Bio: Andrew Steele is the Industry Manager FMCG (Fast Moving Consumer Goods) in GS1 Australia’s Industry Engagement Team. He has been with GS1 for the past nine years, providing professional advice and implementation support for individual members and industry groups in their adoption and implementation of the GS1 system. Andrew specialises in the Retail Food sector. He was previously a National Category Manager with a national FMCG wholesaler distributor and also has a great knowledge and experience in General Merchandise, having been a Manager with Kmart Australia Ltd for some years. Andrew has a Bachelor of Commerce from Newcastle University.
Date: 30th Nov 2010
Speaker: Terry Lee-Williams, Transport Strategy Manager, City of Sydney
Topic: Six in the City - Exodus in the PM and other network challenges in the City of Sydney
Abstract: The City of Sydney has extremely limited transport powers at its disposal, but is the daily recipient of more than 600 000 visitors to its city centre. Being at the centre of a radial transport network presents its own challenges, but being responsible for the economic vitality of a city that produces 25 per cent of the State's Gross Domestic Product adds to the degree of difficulty. The City of Sydney's Transport Strategy Unit must convince those with the funding and the power of the necessity of maintaining a focus on a city centre while the State and the Federal Government wrestle with far broader demands from areas that are greatly underserviced compared to the City.
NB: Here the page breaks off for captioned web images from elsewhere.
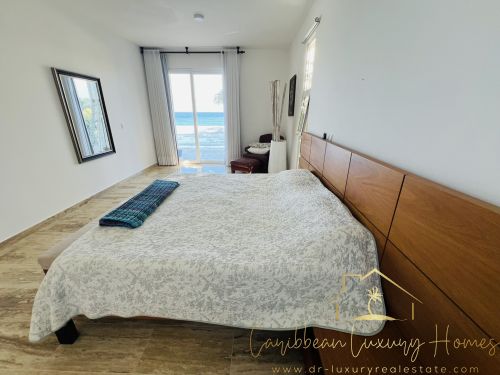 #10 Oceanfront Luxury Villa for Sale in Ocean Village, Dominican Republic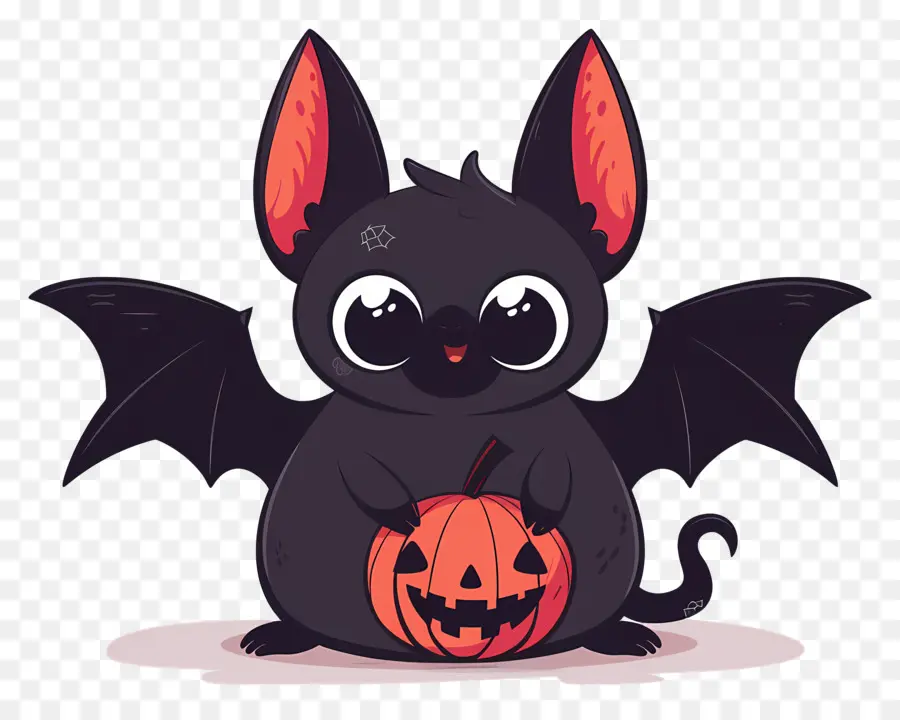 Halloween Morcego，Dia Das Bruxas PNG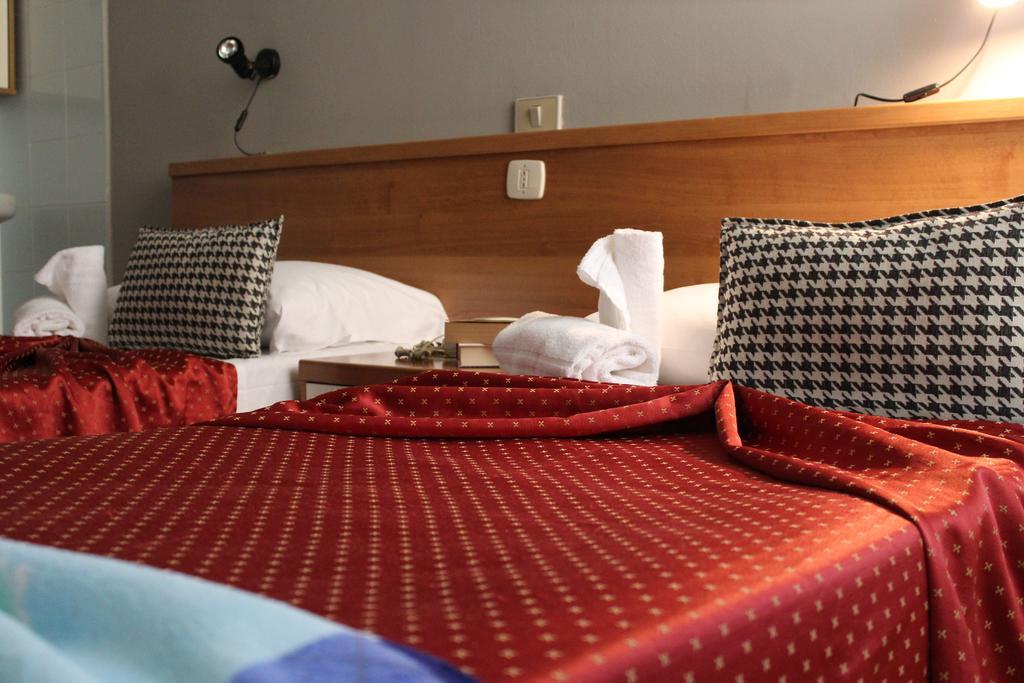 Ca' Grande Hotel Milano Ngoại thất bức ảnh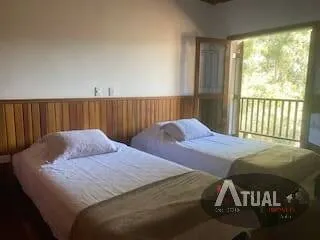 House for sale of 1,000 m² in Piracaia, SP, Brazil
How that conversation is conducted, the strategy behind it and some examples of what a City can do will be explored by Terry Lee-Williams, the City's Transport Strategy Manager.
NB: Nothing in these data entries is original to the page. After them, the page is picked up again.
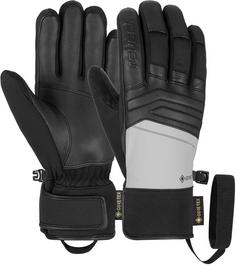 Reusch Jupiter GORE-TEX Skihandschuhe 6592 glacier grey/black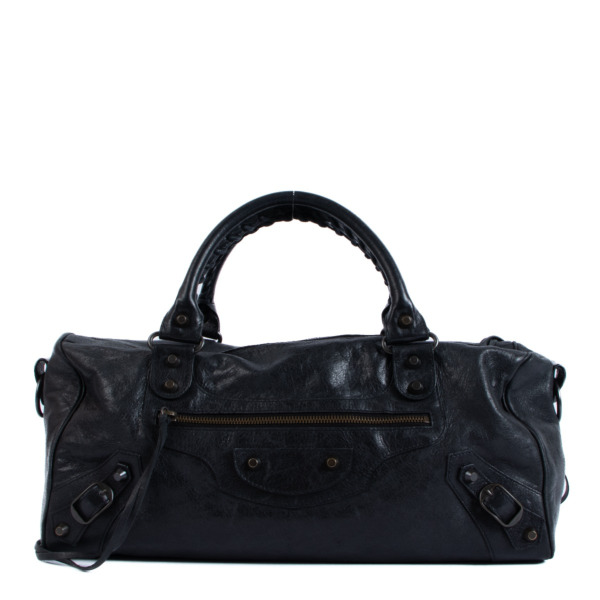 バッグ BALENCIAGA twiggy shoulder bag Balenciaga Twiggy Bag – Amber Handbags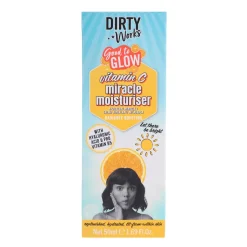 Good To Glow Crème Hydratante Vitamine C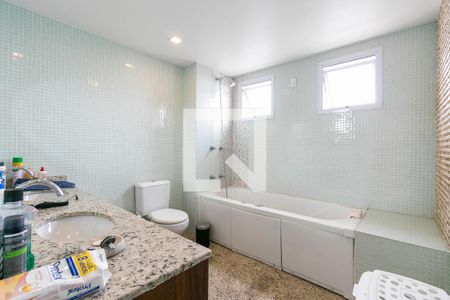 Apartamento para alugar com 112m², 2 quartos e 2 vagas Apartamento para alugar com 112m², 2 quartos e 2 vagasSuíte 1 - Banheiro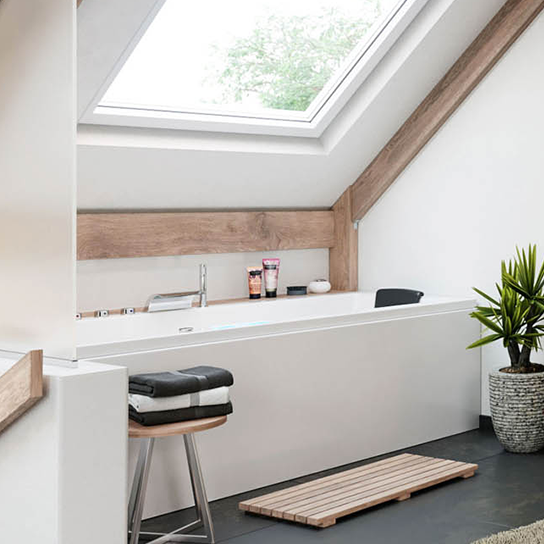 Natürliche-Holzoptik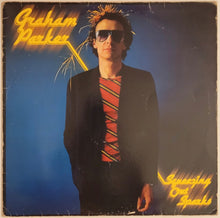 Load image into Gallery viewer, Graham Parker And The Rumour - Squeezing Out Sparks Lp
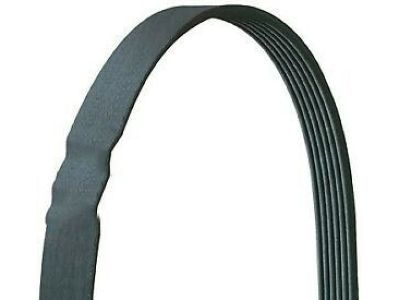 Ford 2L3Z-8620-DB V-Belt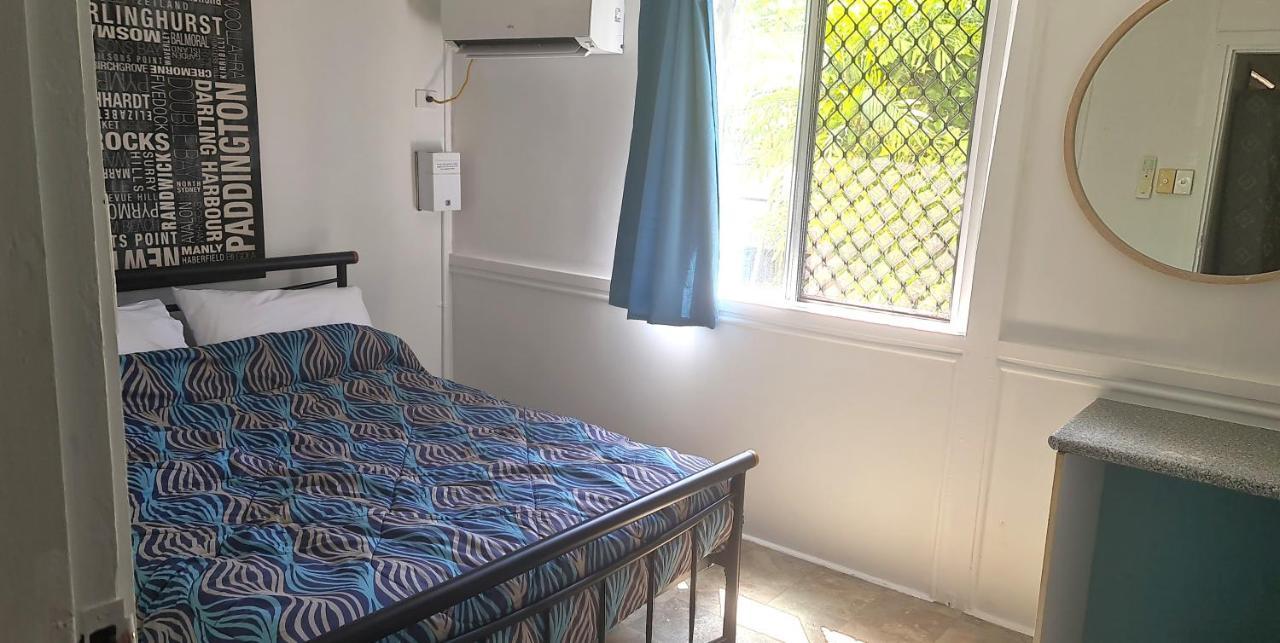 Hostel Castaways Backpackers Cairns Zewnętrze zdjęcie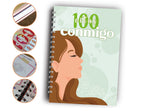Libro de 100 citas conmigo misma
Bio: Terry Lee-Williams joined the City of Sydney as Manager Transport Strategy less than a year ago. He has since instituted wide ranging changes to the approach the City takes to transport, led the development of a Transforming Sydney Memorandum of Understanding with the State Government and set up a Transforming Sydney unit within the City. Terry has wide experience in the public sector transport field, having been project director of intelligent transport systems and operations manager for bus rapid transit at the Roads and Traffic Authority, project director of electronic ticketing at the Public Transport Ticketing Corporation, Senior Manager of Public Transport at the Centre for Transport Planning and Product Development and Policy Reform Manager for Community Transport. Terry has also worked both privately and publicly advising various state governments on taxi policy and accessible transport over the past 20 years.